The RULLCA and the Revised Uniform Partnership Act (“RUPA”) both contain provisions that provide that there is no breach of fiduciary duty solely because a member (or partner) pursues their own self interest. Moreover, members in a manager-managed limited liability company have no fiduciary duties.

Both of these uniform acts have attempted to draw fiduciary duties of partner and llc members and/or managers in a well-defined and limited manner, but subject to a relatively broad right to modify these duties by agreement as well as express obligations of good faith and fair dealing.

The other main sources or partnership law failed to give precise definitions of the fiduciary duties arising in a partnership or limited liability company, leaving them to definition by common law or agreement of the parties. (We will leave the issue of fiduciary duties in limited partnerships for another day). As general partnerships fade into misuse and corporations cease to be the business entity of choice for the closely held business, the courts will no doubt put further contours on the question of the majority’s obligation within the context of the limited liability companies and partnerships.

The law is not yet well developed, but there is no reason to believe that the core concepts of dealing in good faith and in a fair manner with the minority will not apply in other types of business relationships.
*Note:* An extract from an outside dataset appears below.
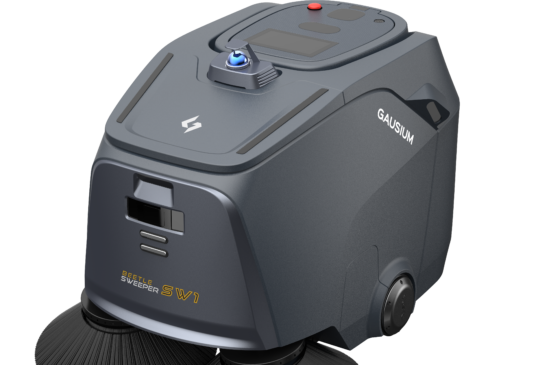 A white robot is cleaning the floor in a room.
The key issues here for the business owner is to examine where they stand, as part of a minority or in the majority. The second issue is whether they have the ability to act without the minority’s consent or participation in a way that is potentially detrimental (or less beneficial to the minority.)

And finally, is the outcome of the transaction one in which the majority can be said to be self-interested because they derive some benefit outside the ordinary conduct of the business. In these types of cases, the business judgment rule is much less likely to apply. The minority should demand — and the majority should be prepared to provide — that the transaction is fundamentally fair to majority and minority alike. When it is not, the Courts are likely to step in.